Sono nato a Vicenza in un freddo dicembre degli anni sessanta. Ho vissuto in un luogo incantevole, circondato dai campi con un fiume lento, silenzioso ma profondo, che ne solcava le carni. Esso segnava i confini tra la terra della fatica, delle braccia, dalla nuda e fredda via ferroviaria che lasciava spegnere lo sguardo dei bambini, nel suo infinito proseguire per luoghi lontani. Abitavo con la mia famiglia in una vecchia casa di campagna di precedente proprietà nobiliare; di quelle realtà nobili che nel dopoguerra hanno perso un po’ del loro smalto. Fu acquistata da una industria tessile che la usò per affittarla ai dipendenti, tra i quali mio padre.
L’appartamento che occupavo con i miei era quello in precedenza usato dal parroco di contrada, tant’è che nel salotto avevamo una nicchia dove in passato c’era una statuetta della Madonna e in quella stessa stanza, probabilmente, dicevano le messe.
Nella camera dove dormivo con mia sorella, nei giorni di pioggia strani e colorati affioramenti d’acqua mista a muffa scendevano dai muri perimetrali della stanza. Sembrava di abitare in un luogo magico: non era da tutti aver delle cascatine proprio a pochi centimetri dal naso.
Noi bambini non potevamo immaginare
Noi bambini non potevamo immaginare che era insalubre e che le ripetute bronchiti che ci aggredivano fossero causate da quelle bellissime e rigurgitanti cascatelle che la sera facevano fantastici riflessi esposte alla luce di un piccolo lampadario a gocce.

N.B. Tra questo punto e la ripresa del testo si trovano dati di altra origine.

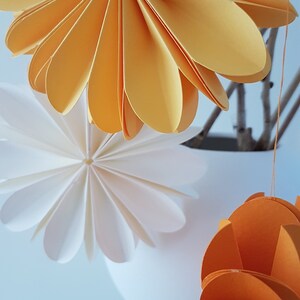 Paper flowers 3D / set of 3 / D 12 cm / colors: white, yellow, orange / summer decoration /g image 4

In quella antica dimora, confusa in una periferia della città con la sua profonda ma composta decadenza, c’era una grande soffitta che la sovrastava e come tutte le soffitte, racchiudeva memorie sopportando il triste peso della storia, quella che nessuno dovrebbe scordare. Vecchi mobili fatiscenti, reduci da pesanti traslochi sui carri, foto logore e ingiallite di parenti dimenticati anche dal cimitero, affascinanti raccolte involontarie di giornali, in attesa di una embrionale raccolta carta che, nei mitici 70, era visione futurista di pochi intellettuali. Le fredde giornate d’inverno respiravano nella loro brevità contrapponendosi alla lunga noia che trascinavo come tutti i ragazzini costretti tra le mura, ma avevo trovato un modo interessante per trascorre i pomeriggi. Quelle cataste di quotidiani che in qualche modo raccontavano la storia, aprivano nuovi scenari sconosciuti alla mia persona, non privi di crudeltà. Una storia sicuramente distorta, manipolata dai vari interessi del momento, ma comunque rimasta attuale in quelle pagine ingiallite, statica come le vecchie foto dell’armadio. Mi sedevo al centro delle “torri” e sollevando cumuli di polvere, ruotavo parole andate, ma ancora capaci di gridare pensieri. Ricordo gli articoli che iniziavano con “…Saigon 11 maggio 1965” o “…incursori sfidano comando vietcong: 50 perdite tra gli americani, ma il napalm apre un varco nella foresta…” parole che scandivano eventi con un ritmo studiato, calcolato al tavolino “letterario”; non lo comprendevo allora. Una “deflagrazione” mediatica, con obiettivi precisi: identificare in quel conflitto assurdo (che nel corso della storia ha coinvolto anche qualche nazione europea), i buoni e i cattivi, per una umanità sempre più cinica ed egocentrica presa dal boom economico alla ricerca di spazi e risorse per alimentare il grande altoforno. Nessun senso di colpa per i morti, tutti i morti. Rare erano le notizie che uscivano dal coro cercando di diffondere un barlume di verità.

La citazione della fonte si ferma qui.